The simple answer is: Kleenex. Flushable, Burnable, Disposable, cheap.

Never tried it myself, but the show Weeds suggests using a banana. :eek:

[WARNING: NSFW language]

Being married with 2.5 kids, the only place I can really go be intimate with myself is in the bathroom. The shower is perfect. The sink works in a pinch.
I’ve never liked using toilet paper. It tends to paste itself to the helmet. I prefer some kind of immediate access to water.

I use whatever is closest. Simple as that. Considering that I live alone and the majority of my special time is spent in front of a computer or in bed paper products usually aren’t the handiest option. They are small and don’t absorb much and sometimes a little rubbing is required. Some big piece of cloth is optimal.

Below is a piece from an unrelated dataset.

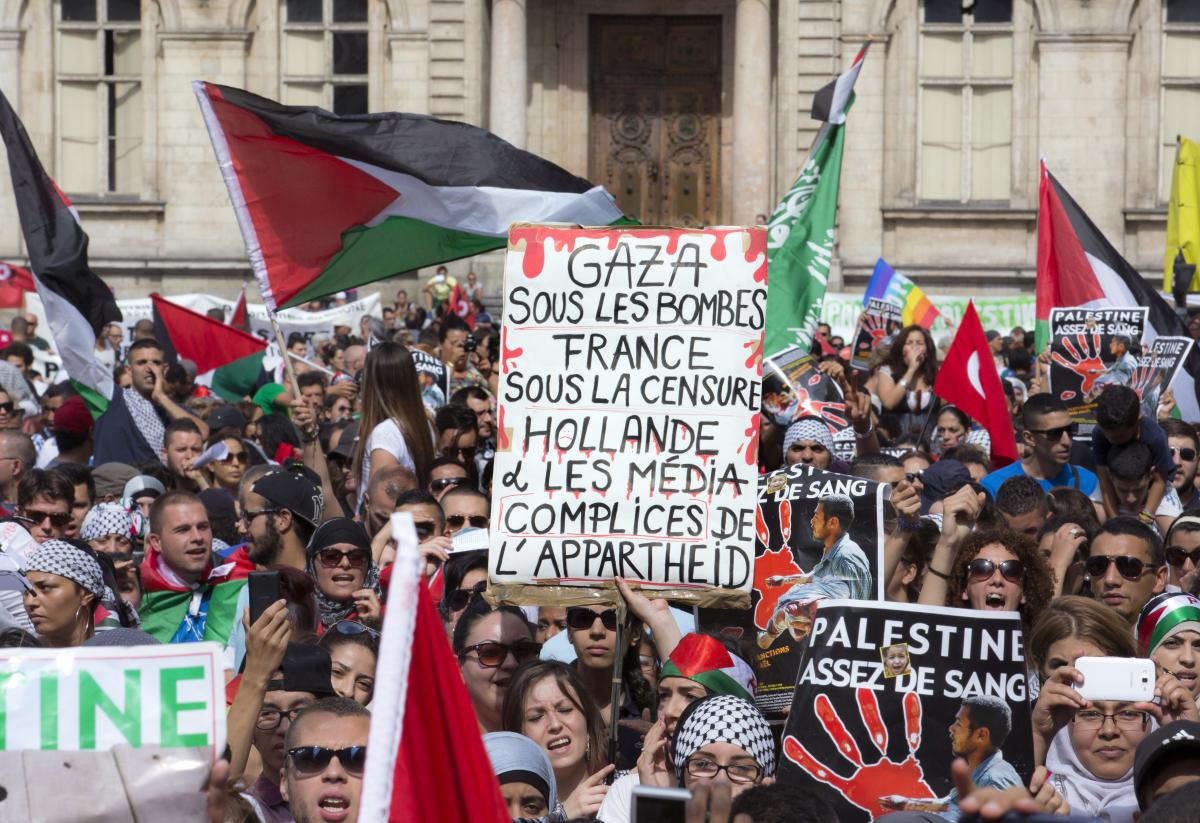 En Images Manifestations Pro Palestiniennes Partout En Europe Des Heurts à Paris 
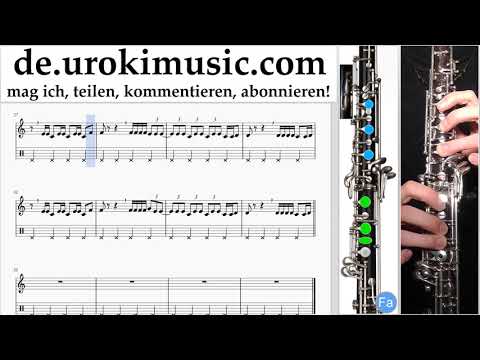 Oboe Lernen Luis Fonsi, Demi Lovato - Échame La Culpa Tabulatur Teil#2 um-ih995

Pretty much I’ll just go with whatever is closest and next to go in the wash. Sometimes thats a sock on the floor, sometimes it’s a T shirt I’m wearing (never a nice one) and sometimes it’s the boxers. Once in a blue moon there’ll be a bath towel on hand and that’s like riding in a limo.

I can see why clothing might sound like a headache, but if you are doing your own laundry why settle for a little wimpy kleenex unless it saves you a trip across the room.

I use a napkin to “catch the leprechaun.” The napkin isn’t involved until the grand finale, so there are no sticking-issues. I keep a stack of fast food napkins by my computer.

When I was young, I would do it into the toilet

When young and living at home I think I used a tissue but, now, onto the belly then to sleep.

ETA: Isn’t it “Beating The Bishop”?

When I was growing up we said “polishing the bishop.” The reference is to the chess piece, not the person.

Not a man, but there’s always this option.

:smiley:

The flip-side to this question, of course, is what females do with the same…um…“product.” After it’s been launched into their female cavity.

:smiley:

You can try to mop up immediately following the activity, but things that go up do not always immediately travel south.

It’s kind of a mess, actually. Annoying and tends to the crispy side after a few hours. “I can’t wear THESE jeans again tomorrow!”

Re: the OP, I’ve noticed that my SO’s towels are occasionally marked by these occasions. I can’t tell if it’s after mutual entertainment or if it was a solo activity; I don’t really care, as long as they are not my towels.

We have separate towels.

After I strangle a bishop, I tend to try to pin the knights down or simply try to create more room for my queen. Fastest way to clear up the middle of the board? Go after pawns.

What are you guys talking about?

Ha ! My immediate thought too; I was going to recommend arson, since it tends to destroy all sorts of incriminating evidence. I suppose you could still use that method for the somewhat smaller sort of bishop the OP intended, but it would be overkill.

As for me; paper towel, toss in the garbage.

When I read threads like these I make it a point to reply, just because I don’t want to be one of /those/ people.